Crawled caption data
● ● ●

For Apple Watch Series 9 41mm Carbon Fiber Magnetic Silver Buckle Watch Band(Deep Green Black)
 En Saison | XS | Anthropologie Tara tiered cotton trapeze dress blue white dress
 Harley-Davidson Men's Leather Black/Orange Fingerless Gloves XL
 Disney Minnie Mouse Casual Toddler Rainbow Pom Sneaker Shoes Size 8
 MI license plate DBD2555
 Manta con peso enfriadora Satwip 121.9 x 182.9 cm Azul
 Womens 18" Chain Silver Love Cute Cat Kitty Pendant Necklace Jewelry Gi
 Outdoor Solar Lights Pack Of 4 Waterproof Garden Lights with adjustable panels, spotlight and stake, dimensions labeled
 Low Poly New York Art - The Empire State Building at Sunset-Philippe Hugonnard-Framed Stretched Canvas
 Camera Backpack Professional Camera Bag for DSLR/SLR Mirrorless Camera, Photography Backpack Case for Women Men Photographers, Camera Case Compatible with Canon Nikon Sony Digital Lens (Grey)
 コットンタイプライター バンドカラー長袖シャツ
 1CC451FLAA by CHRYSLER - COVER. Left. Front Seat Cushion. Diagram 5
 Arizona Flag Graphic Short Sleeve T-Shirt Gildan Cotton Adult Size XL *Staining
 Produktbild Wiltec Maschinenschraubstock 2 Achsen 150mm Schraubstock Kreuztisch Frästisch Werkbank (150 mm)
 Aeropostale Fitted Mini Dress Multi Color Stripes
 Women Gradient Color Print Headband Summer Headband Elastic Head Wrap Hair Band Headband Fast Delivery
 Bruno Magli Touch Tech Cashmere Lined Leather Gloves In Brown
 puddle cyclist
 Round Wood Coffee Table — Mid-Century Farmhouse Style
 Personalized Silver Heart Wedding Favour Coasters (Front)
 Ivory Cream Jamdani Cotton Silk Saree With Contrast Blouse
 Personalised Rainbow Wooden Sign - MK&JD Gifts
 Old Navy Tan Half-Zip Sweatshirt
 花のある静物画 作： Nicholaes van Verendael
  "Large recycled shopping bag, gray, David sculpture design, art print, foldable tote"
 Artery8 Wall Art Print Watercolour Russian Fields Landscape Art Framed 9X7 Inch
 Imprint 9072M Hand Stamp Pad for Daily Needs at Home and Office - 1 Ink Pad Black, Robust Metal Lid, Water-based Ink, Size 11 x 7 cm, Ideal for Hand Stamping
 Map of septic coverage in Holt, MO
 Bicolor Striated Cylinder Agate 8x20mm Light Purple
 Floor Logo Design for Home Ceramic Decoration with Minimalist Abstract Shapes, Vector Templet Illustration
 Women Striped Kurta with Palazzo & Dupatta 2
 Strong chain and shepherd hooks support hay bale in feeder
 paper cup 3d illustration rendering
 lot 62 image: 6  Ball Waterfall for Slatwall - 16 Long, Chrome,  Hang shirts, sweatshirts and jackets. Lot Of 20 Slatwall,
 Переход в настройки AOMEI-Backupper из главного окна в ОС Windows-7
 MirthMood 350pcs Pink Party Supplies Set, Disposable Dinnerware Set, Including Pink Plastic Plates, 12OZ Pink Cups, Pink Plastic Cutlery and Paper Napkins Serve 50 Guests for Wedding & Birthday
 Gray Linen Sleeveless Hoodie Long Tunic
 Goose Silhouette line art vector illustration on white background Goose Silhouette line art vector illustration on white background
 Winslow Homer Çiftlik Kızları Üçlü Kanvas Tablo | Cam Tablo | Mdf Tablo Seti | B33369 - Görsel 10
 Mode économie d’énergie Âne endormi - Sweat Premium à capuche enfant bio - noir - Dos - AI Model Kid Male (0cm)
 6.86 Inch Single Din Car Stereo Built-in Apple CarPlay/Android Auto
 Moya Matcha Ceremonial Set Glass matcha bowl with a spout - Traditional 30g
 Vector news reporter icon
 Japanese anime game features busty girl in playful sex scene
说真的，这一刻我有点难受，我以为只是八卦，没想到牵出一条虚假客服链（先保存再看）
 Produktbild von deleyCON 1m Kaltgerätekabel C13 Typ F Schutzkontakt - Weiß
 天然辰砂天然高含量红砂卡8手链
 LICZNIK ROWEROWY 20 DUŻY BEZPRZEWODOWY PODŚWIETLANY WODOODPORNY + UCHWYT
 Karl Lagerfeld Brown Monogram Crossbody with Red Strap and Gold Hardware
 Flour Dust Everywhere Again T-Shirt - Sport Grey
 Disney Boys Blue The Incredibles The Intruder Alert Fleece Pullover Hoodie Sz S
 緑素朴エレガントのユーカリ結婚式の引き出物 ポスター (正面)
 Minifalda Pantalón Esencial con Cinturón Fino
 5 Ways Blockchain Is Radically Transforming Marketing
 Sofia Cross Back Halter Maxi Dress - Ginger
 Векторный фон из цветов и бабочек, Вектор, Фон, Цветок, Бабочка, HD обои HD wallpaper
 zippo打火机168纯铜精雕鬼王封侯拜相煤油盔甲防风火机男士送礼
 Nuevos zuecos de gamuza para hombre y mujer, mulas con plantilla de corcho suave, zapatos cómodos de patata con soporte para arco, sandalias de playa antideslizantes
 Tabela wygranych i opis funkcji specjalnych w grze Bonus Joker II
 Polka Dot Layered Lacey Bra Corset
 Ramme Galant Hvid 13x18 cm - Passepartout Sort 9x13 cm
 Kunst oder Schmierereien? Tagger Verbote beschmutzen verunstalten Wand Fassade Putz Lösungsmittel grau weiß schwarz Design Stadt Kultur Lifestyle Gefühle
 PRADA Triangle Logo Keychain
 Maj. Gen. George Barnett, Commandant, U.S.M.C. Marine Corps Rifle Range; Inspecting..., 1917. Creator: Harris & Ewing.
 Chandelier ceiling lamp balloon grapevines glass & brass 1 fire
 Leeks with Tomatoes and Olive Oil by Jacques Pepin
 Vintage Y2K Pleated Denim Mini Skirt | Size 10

● ● ●

[ACTION ITEM]: The lines above are to be retyped exactly, with none omitted.

[OUTPUT FOR THIS EXERCISE]:
For Apple Watch Series 9 41mm Carbon Fiber Magnetic Silver Buckle Watch Band(Deep Green Black)
 En Saison | XS | Anthropologie Tara tiered cotton trapeze dress blue white dress
 Harley-Davidson Men's Leather Black/Orange Fingerless Gloves XL
 Disney Minnie Mouse Casual Toddler Rainbow Pom Sneaker Shoes Size 8
 MI license plate DBD2555
 Manta con peso enfriadora Satwip 121.9 x 182.9 cm Azul
 Womens 18" Chain Silver Love Cute Cat Kitty Pendant Necklace Jewelry Gi
 Outdoor Solar Lights Pack Of 4 Waterproof Garden Lights with adjustable panels, spotlight and stake, dimensions labeled
 Low Poly New York Art - The Empire State Building at Sunset-Philippe Hugonnard-Framed Stretched Canvas
 Camera Backpack Professional Camera Bag for DSLR/SLR Mirrorless Camera, Photography Backpack Case for Women Men Photographers, Camera Case Compatible with Canon Nikon Sony Digital Lens (Grey)
 コットンタイプライター バンドカラー長袖シャツ
 1CC451FLAA by CHRYSLER - COVER. Left. Front Seat Cushion. Diagram 5
 Arizona Flag Graphic Short Sleeve T-Shirt Gildan Cotton Adult Size XL *Staining
 Produktbild Wiltec Maschinenschraubstock 2 Achsen 150mm Schraubstock Kreuztisch Frästisch Werkbank (150 mm)
 Aeropostale Fitted Mini Dress Multi Color Stripes
 Women Gradient Color Print Headband Summer Headband Elastic Head Wrap Hair Band Headband Fast Delivery
 Bruno Magli Touch Tech Cashmere Lined Leather Gloves In Brown
 puddle cyclist
 Round Wood Coffee Table — Mid-Century Farmhouse Style
 Personalized Silver Heart Wedding Favour Coasters (Front)
 Ivory Cream Jamdani Cotton Silk Saree With Contrast Blouse
 Personalised Rainbow Wooden Sign - MK&JD Gifts
 Old Navy Tan Half-Zip Sweatshirt
 花のある静物画 作： Nicholaes van Verendael
  "Large recycled shopping bag, gray, David sculpture design, art print, foldable tote"
 Artery8 Wall Art Print Watercolour Russian Fields Landscape Art Framed 9X7 Inch
 Imprint 9072M Hand Stamp Pad for Daily Needs at Home and Office - 1 Ink Pad Black, Robust Metal Lid, Water-based Ink, Size 11 x 7 cm, Ideal for Hand Stamping
 Map of septic coverage in Holt, MO
 Bicolor Striated Cylinder Agate 8x20mm Light Purple
 Floor Logo Design for Home Ceramic Decoration with Minimalist Abstract Shapes, Vector Templet Illustration
 Women Striped Kurta with Palazzo & Dupatta 2
 Strong chain and shepherd hooks support hay bale in feeder
 paper cup 3d illustration rendering
 lot 62 image: 6  Ball Waterfall for Slatwall - 16 Long, Chrome,  Hang shirts, sweatshirts and jackets. Lot Of 20 Slatwall,
 Переход в настройки AOMEI-Backupper из главного окна в ОС Windows-7
 MirthMood 350pcs Pink Party Supplies Set, Disposable Dinnerware Set, Including Pink Plastic Plates, 12OZ Pink Cups, Pink Plastic Cutlery and Paper Napkins Serve 50 Guests for Wedding & Birthday
 Gray Linen Sleeveless Hoodie Long Tunic
 Goose Silhouette line art vector illustration on white background Goose Silhouette line art vector illustration on white background
 Winslow Homer Çiftlik Kızları Üçlü Kanvas Tablo | Cam Tablo | Mdf Tablo Seti | B33369 - Görsel 10
 Mode économie d’énergie Âne endormi - Sweat Premium à capuche enfant bio - noir - Dos - AI Model Kid Male (0cm)
 6.86 Inch Single Din Car Stereo Built-in Apple CarPlay/Android Auto
 Moya Matcha Ceremonial Set Glass matcha bowl with a spout - Traditional 30g
 Vector news reporter icon
 Japanese anime game features busty girl in playful sex scene
说真的，这一刻我有点难受，我以为只是八卦，没想到牵出一条虚假客服链（先保存再看）
 Produktbild von deleyCON 1m Kaltgerätekabel C13 Typ F Schutzkontakt - Weiß
 天然辰砂天然高含量红砂卡8手链
 LICZNIK ROWEROWY 20 DUŻY BEZPRZEWODOWY PODŚWIETLANY WODOODPORNY + UCHWYT
 Karl Lagerfeld Brown Monogram Crossbody with Red Strap and Gold Hardware
 Flour Dust Everywhere Again T-Shirt - Sport Grey
 Disney Boys Blue The Incredibles The Intruder Alert Fleece Pullover Hoodie Sz S
 緑素朴エレガントのユーカリ結婚式の引き出物 ポスター (正面)
 Minifalda Pantalón Esencial con Cinturón Fino
 5 Ways Blockchain Is Radically Transforming Marketing
 Sofia Cross Back Halter Maxi Dress - Ginger
 Векторный фон из цветов и бабочек, Вектор, Фон, Цветок, Бабочка, HD обои HD wallpaper
 zippo打火机168纯铜精雕鬼王封侯拜相煤油盔甲防风火机男士送礼
 Nuevos zuecos de gamuza para hombre y mujer, mulas con plantilla de corcho suave, zapatos cómodos de patata con soporte para arco, sandalias de playa antideslizantes
 Tabela wygranych i opis funkcji specjalnych w grze Bonus Joker II
 Polka Dot Layered Lacey Bra Corset
 Ramme Galant Hvid 13x18 cm - Passepartout Sort 9x13 cm
 Kunst oder Schmierereien? Tagger Verbote beschmutzen verunstalten Wand Fassade Putz Lösungsmittel grau weiß schwarz Design Stadt Kultur Lifestyle Gefühle
 PRADA Triangle Logo Keychain
 Maj. Gen. George Barnett, Commandant, U.S.M.C. Marine Corps Rifle Range; Inspecting..., 1917. Creator: Harris & Ewing.
 Chandelier ceiling lamp balloon grapevines glass & brass 1 fire
 Leeks with Tomatoes and Olive Oil by Jacques Pepin
 Vintage Y2K Pleated Denim Mini Skirt | Size 10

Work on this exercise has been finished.